E ainda há quem venha dizer que dentro em pouco todos sentirão a retoma. Retoma para quem, para quantos? Quem compensa o empobrecimento?

O cálculo de pobres não faz parte da econometria, de nenhum modelo estudável por este governo. Nem tão pouco a incompetência no único cronómetro para o desenvolvimento: a educação.

É o Estado e o papel do Estado o centro das escolhas políticas. As curvas dos ciclos expõem mercado. A sociedade porém não pode ser uma sociedade de mercado. A democracia evoluiu do sufrágio universal e da garantia das liberdades para os direitos sociais. A democracia do quotidiano. Admiram-se que aumente a abstenção? Enxergue-se que aumentou a desprotecção das pessoas, o abandono da população. Vejam a fome que é uma estatística anónima, vejam os fogos pelas serras que são uma tragédia nominada.

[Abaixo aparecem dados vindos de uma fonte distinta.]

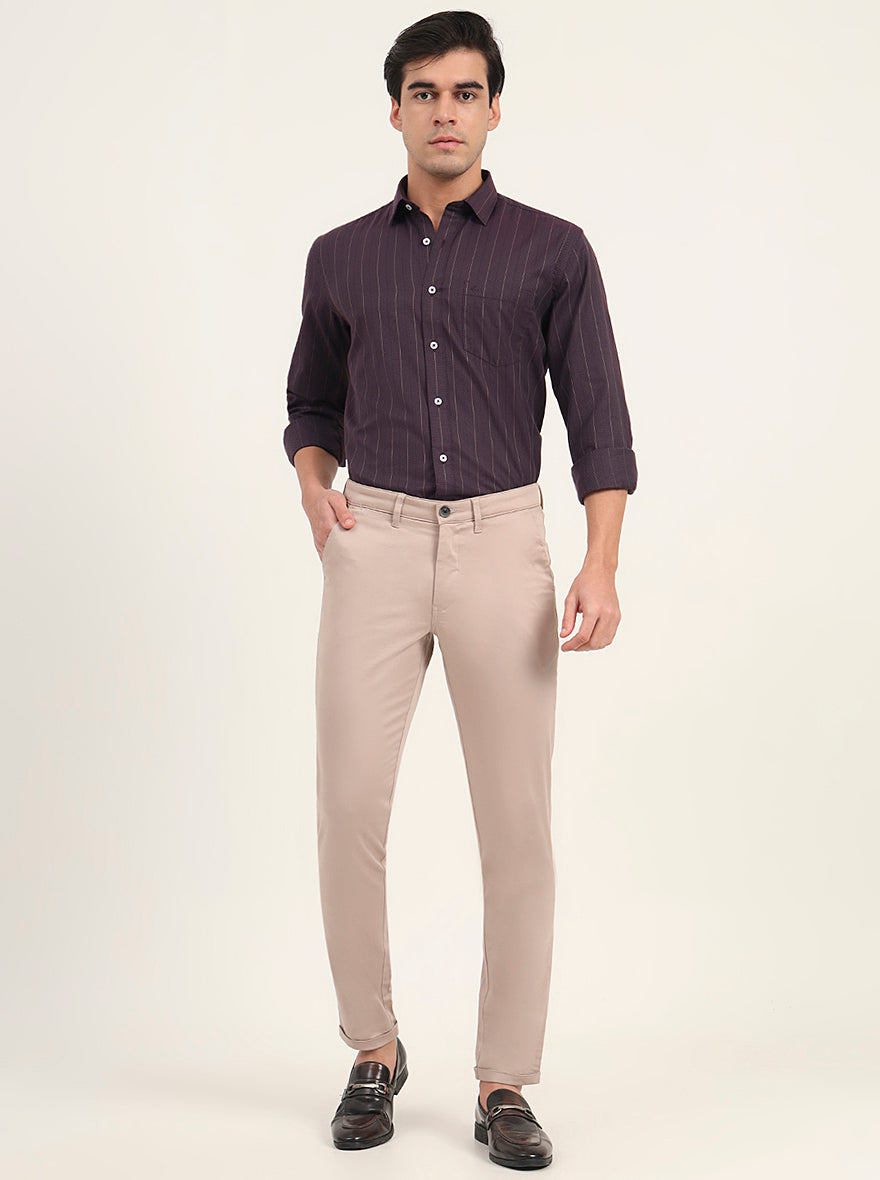 Beige Solid Slim Fit Casual Trouser | Greenfibre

Admiram-se da abstenção em eleições, e particularmente nas europeias?

O que é que pôde o povo português escolher acerca da Europa? Já não falando do refinado crime político de prometer referendos sobre os Tratados Europeus e nunca os fazer! O senhor Presidente da República terá aí aturada matéria de reflexão política para os seus apelos eleitorais. Há muitos concidadãos que encolhem os ombros a esses apelos. Serão todos relapsos à participação?

Podem muitos dos governantes europeus desculpar-se porque na América do Tio Sam ainda votem menos? O estado neo-liberal se não pode accionarizar os eleitos, selecciona-os, pratica uma selecção adversa. Mas é a desistência da cidadania.

Bem pode o governo insistir que tem legitimidade institucional para a sua continuidade. Mas é bom que se perceba: perdeu a maioria social. Só pode esperar mais resistência social. Do ponto de vista político voltámos ao pântano. O argumento do défice passado, até pelas circunstâncias trágicas em que terminou a campanha eleitoral, é hoje um argumento desresponsabilizado e posto em clausura. Um governo que não se remodela, remodelado está. Nas políticas e nos actores. Uma coligação que não justifica só se auto-justifica. Uma coligação destas não faz ziguezagues porque simplesmente é imóvel. Entrámos no tempo perdido. Aos olhos públicos é o exercício do poder pelo poder. A super-cola dos lugares.

O Bloco de Esquerda, com reforçada confiança, bate-se por escolhas claras, e para por termo ao pântano. O combate cívico dentro e fora do parlamento, de uma e de todas as oposições tem legitimidade acrescida e crescente.

Senhor Presidente

Senhoras Deputadas, Senhores Deputados

Agradecemos às eleitoras e aos eleitores o sinal que nos deram. Poucas semanas antes das eleições, o Primeiro-ministro, com aquele seu ar de juiz de fora que o caracteriza, acusou o Bloco de marginalidade política. Ao invés, a sociedade atribui-nos mais responsabilidade. Aí está a resposta. Para o Primeiro-ministro, e todos os que pensam como ele, desiludam-se, somos o que somos e na medida que o ser é a nossa circunstância, iguais por fora, iguais por dentro. Não nos põem de lado. Coerência cada um apresenta a sua. A nós não nos move o tacticismo do poder mas a mudança. Não é arrogância não gostar de políticas que andam entre o pathos e o patê. É simplesmente exigência. O governo, e outros que pensam como ele podem abençoar-nos com todo o tipo de qualificativos. A verdade, a terrível verdade, e estas eleições bem o demonstraram, é que nem todos os nomes querem dizer coisas mas ainda há coisas que nós poderemos nomear como esperança.